Dr Victor Dirnfeld: Dans le dossier de la thalidomide, cela s'est passé il y a 36 ans, et nous, et moi-même personnellement, avons appris... et cela n'aurait pu être une meilleure leçon de choses, pour ainsi dire, pour le jeune scientifique que j'étais il y a 36 ans et aussi pour la science et la médecine en général dans notre pays. Depuis cette catastrophe, la pharmacovigilance et la capacité de lancer sur le marché de nouveaux médicaments ont été resserrés remarquablement.

Pour ce qui est de cette guerre de fief que vous évoquez, je rejette complètement cette notion. Ce dont je parle, c'est de science digne de ce nom. Je parle de décision fondée sur une preuve. Je parle de la sécurité de la population. Je parle de règles du jeu qui s'appliquent également à tous, que ce soit la médecine qui est en usage depuis 1 000 ans ou, comme dans le cas de la digitale, depuis 200 ans, ou qu'il s'agisse d'un nouveau médicament. Il faut faire la preuve que le produit est sûr, qu'il est efficace—c'est-à-dire qu'il donne des résultats satisfaisants—et que c'est un agent de qualité.

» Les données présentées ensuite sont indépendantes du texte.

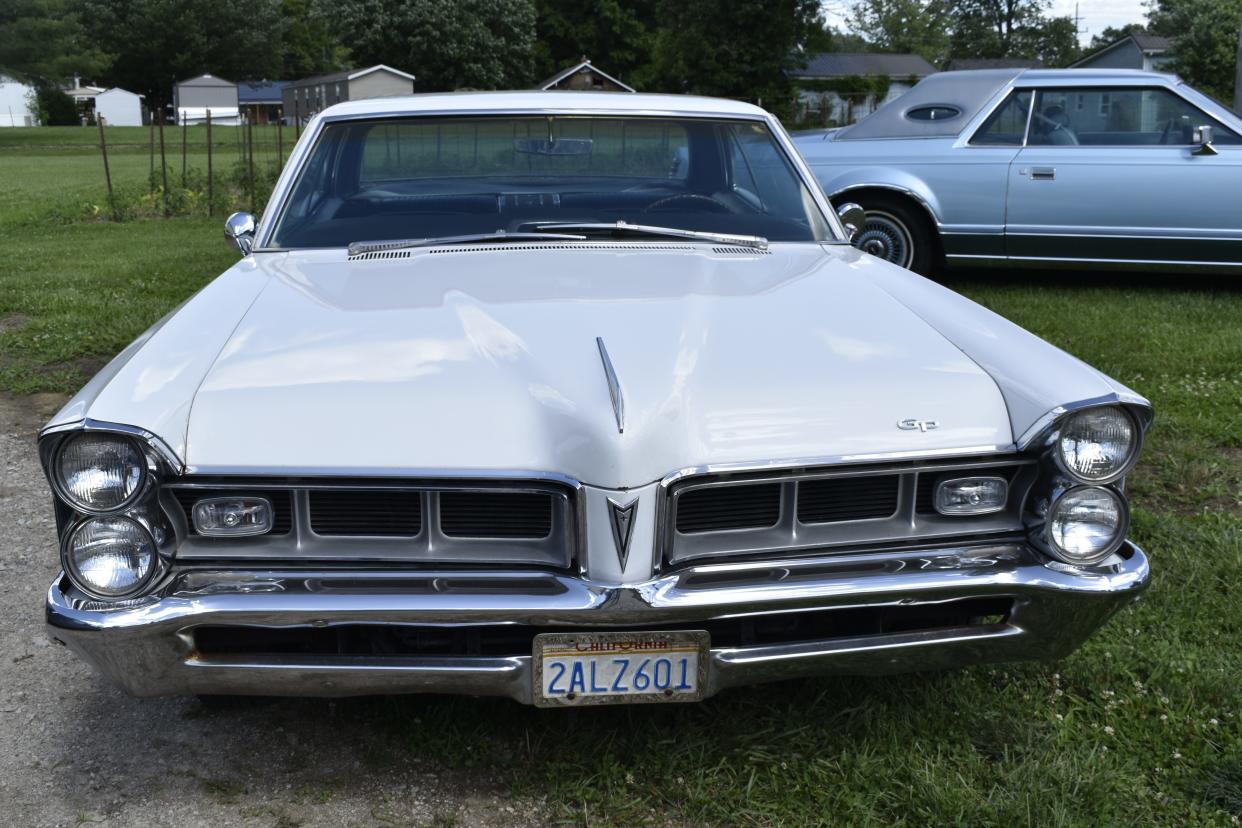 Jay Thompson keeps his 1965 Pontiac Gran Prix in the garage, but he drives it often, he said.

M. Joseph Volpe: Combien de médicaments votre association a-t-elle fait retirer du marché?

Dr Victor Dirnfeld: Ce n'est pas notre fonction. L'Association présente des renseignements à la direction des aliments du Canada et c'est le rôle légitime du gouvernement du Canada et de ses organes de prendre des décisions de ce genre. Quand nous avons la preuve, grâce à nos membres, qu'un produit a des résultats indésirables qui sont importants et qui méritent un examen, nous transmettons ces renseignements, sans hésitation.

M. Joseph Volpe: Combien?

Dr Victor Dirnfeld: Je ne peux pas vous donner de chiffres.

• 1215

La présidente: Merci beaucoup.

La séance est levée jusqu'à convocation de la présidence.